Dépasser le dualisme « nature/culture »

Son projet philosophique se fonde en particulier sur le dépassement de plusieurs dualismes propres à la culture occidentale : « nature/culture » ou « raison/nature », voire corps/esprit. Une telle structuration de nos pensées nous conduit à valoriser la seule raison, associée à l’activité, et à exploiter la nature, considérée comme passive. Val Plumwood précise toutefois qu’elle dénonce une certaine forme de raison, très restrictive, et qui passe sous silence les conditions matérielles de nos existences. Dans cette perspective, la nature est vue comme une antagoniste qu’il convient de dompter. Elle critique ainsi une « logique monologique […] qui conduit à nier toute dépendance à l’Autre au nom d’une conception hyberbolique de l’autonomie ». Pourtant : « Que l’Autre soit un être indépendant dont on dépend soi-même, voilà la première et la plus dure des leçons pour un enfant, avant même qu’il n’apprenne qu’il devra rendre à l’Autre les soins que celui-ci lui prodigue. » Autrement dit, elle nous invite à sortir du déni actuel et à réencastrer l’humanité dans son environnement.

Ce n’est donc pas la raison en tant que telle qui constitue désormais un des principaux obstacles à la résolution de la crise écologique. Au contraire, elle rappelle sa potentialité et plaide pour sa redéfinition :

« Il me semble que le problème ne tient pas à la raison en soi, mais plutôt aux formes arrogantes et insensibles qu’il lui arrive de prendre. […] Telle qu’elle a été conçue, la raison est devenue un vecteur de domination et de mort ; il est grand temps qu’elle devienne un vecteur de libération et de vie. »

Toutefois, cette nouvelle conception ne doit pas résulter dans une fuite en avant de la raison, impliquant davantage de technologies ou de contrôle rationnel d’aspects toujours plus nombreux de nos existences, soit « l’équivalent scientifique de l’idée selon laquelle tout ira bien si les commandements du marché sont appliqués avec encore plus de sévérité. »

Contre les « centrismes »

Selon Val Plumwood, la nouvelle forme de raison qu’elle appelle de ses vœux se doit d’être autocritique, de reconnaître notamment sa responsabilité dans la crise actuelle, et de prendre en compte à la fois l’interdépendance de l’espèce humaine vis-à-vis de l’environnement tout en traitant de manière éthique les non-humains. Ces deux derniers impératifs ne sont pas contradictoires mais, au contraire, indissociables. Nous devons arriver à concilier prudence et éthique dans nos rapports avec les non-humains. Cela passe par un autre dépassement, celui entre sujet et objet, très présent dans le domaine scientifique. Inscrite dans le sillage des « humanités environnementales » et de l’écoféminisme, la philosophe s’en prend à la culture « anthropocentrique », en s’inspirant des « principales critiques anti-hégémoniques de notre époque », souvent issues de la sphère militante : féminisme, antiracisme, lutte contre les inégalités sociales et politiques, etc.

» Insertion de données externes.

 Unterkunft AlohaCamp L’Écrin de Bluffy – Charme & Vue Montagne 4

La philosophe estime qu’il « est donc rationnel d’essayer de remplacer les modèles monologiques, hiérarchiques et mécanistes qui ont caractérisé notre partenariat dysfonctionnel avec la nature par des modèles fondés sur la réciprocité, la communication et l’attention, car ceux-ci pourraient nous permettre de relancer ce partenariat sur des bases plus saines. […] Or non seulement il est possible de choisir un cadre plus riche et plus généreux d’un point de vue rationnel, mais il est indispensable de le faire dans le contexte actuel de destruction écologique, dans l’intérêt de l’éthique, de la prudence ET de la raison. »

Cela implique, entre autres, dans nos rapports avec les non-humains de reconnaître à la fois nos différences et la continuité qui nous lie à la nature, dans une perspective non-hiérarchique.

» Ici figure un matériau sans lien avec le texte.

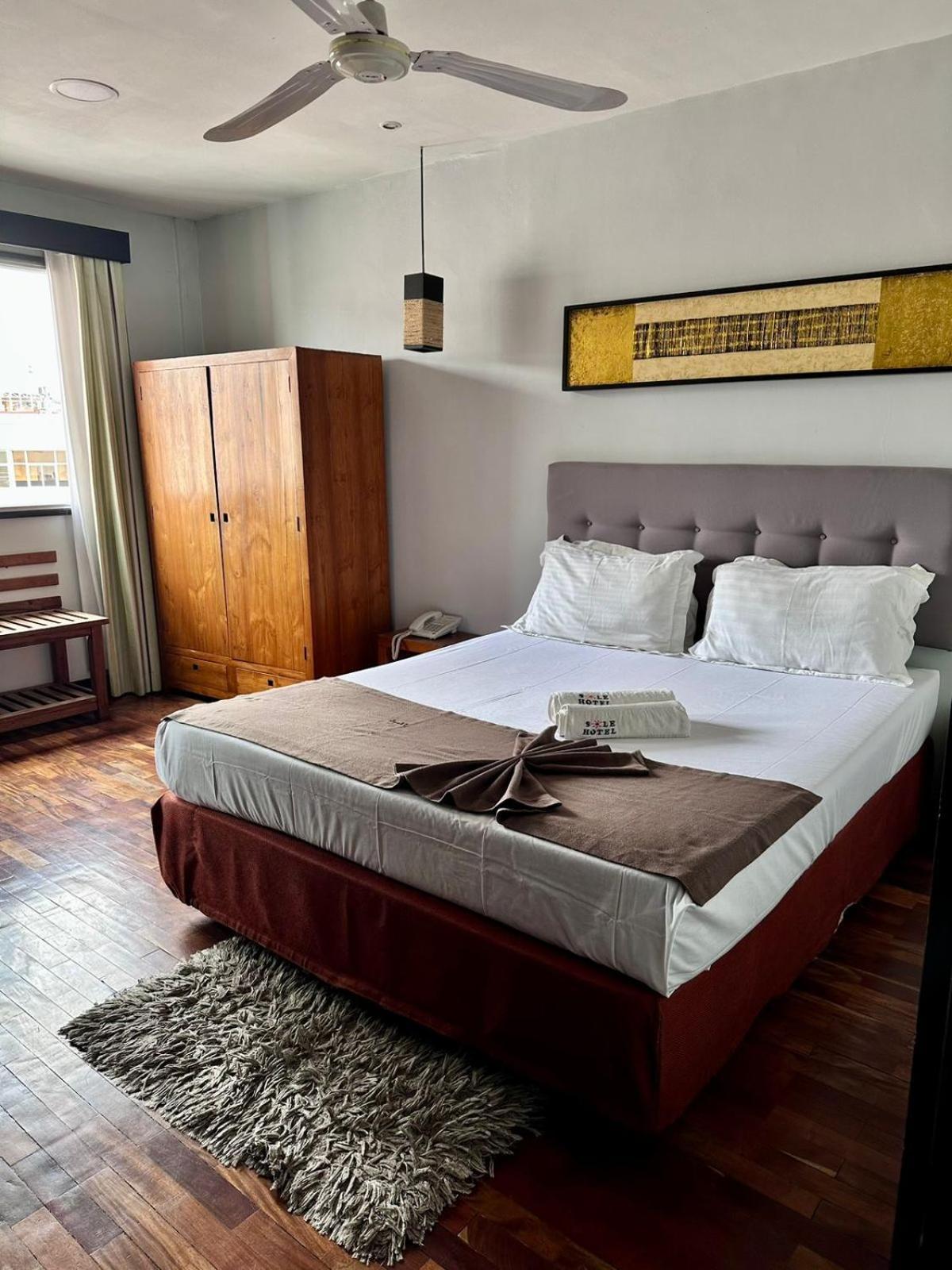Sole Hotel Антананариву Экстерьер фото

Dans son éclairante préface, le philosophe Baptiste Morizot considère que Val Plumwood a réussi à « opérer la jonction entre la pensée écologique, les luttes sociales et les enjeux d’émancipation politique », notamment grâce à une perspective née d’un drame personnel, qu’elle a raconté dans un précédent livre Dans l’œil du crocodile : l’humanité comme proie (Wildproject, 2021). Dans ce récit, elle narre l’attaque de crocodile dont elle a été victime et qui a agi comme une révélation de « ce paradoxe fondateur de la vie sur Terre : vivre, c’est toujours être des individus et des passeurs d’une espèce, des individus et des proies, être à chaque fois, pour chaque vie, un individu inestimable, un membre transitoire d’une lignée et de la nourriture pour d’autres, l’hôte de parasites, une entité écologique qui va circuler dans des boucles de matière et d’énergie. » De là découle la focalisation de Val Plumwood sur la lutte contre les centrismes de toutes formes, et qui permet d’envisager une convergence et une solidarité des luttes pour Baptiste Morizot. 

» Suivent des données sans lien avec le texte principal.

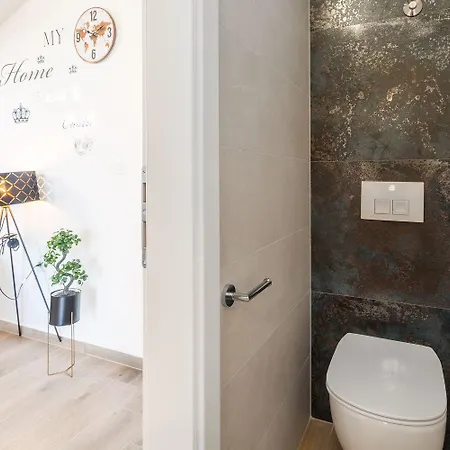 Modernes Nur 250 Meter Zum Mit Privatem Balkon, Grill, Wifi * Πόρετς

Il est difficile d’évoquer toute la richesse, la lucidité et la subtilité des analyses et discussions, avec les différents courants de la pensée écologique et philosophique, du livre de Val Plumwood. Servie par la traduction élégante de Pierre Madelin, sa démonstration à la fois exigeante et lumineuse dépasse ou réconcilie de nombreuses perspectives, tout en invitant à inventer de nouvelles solidarités entre humains et non-humains.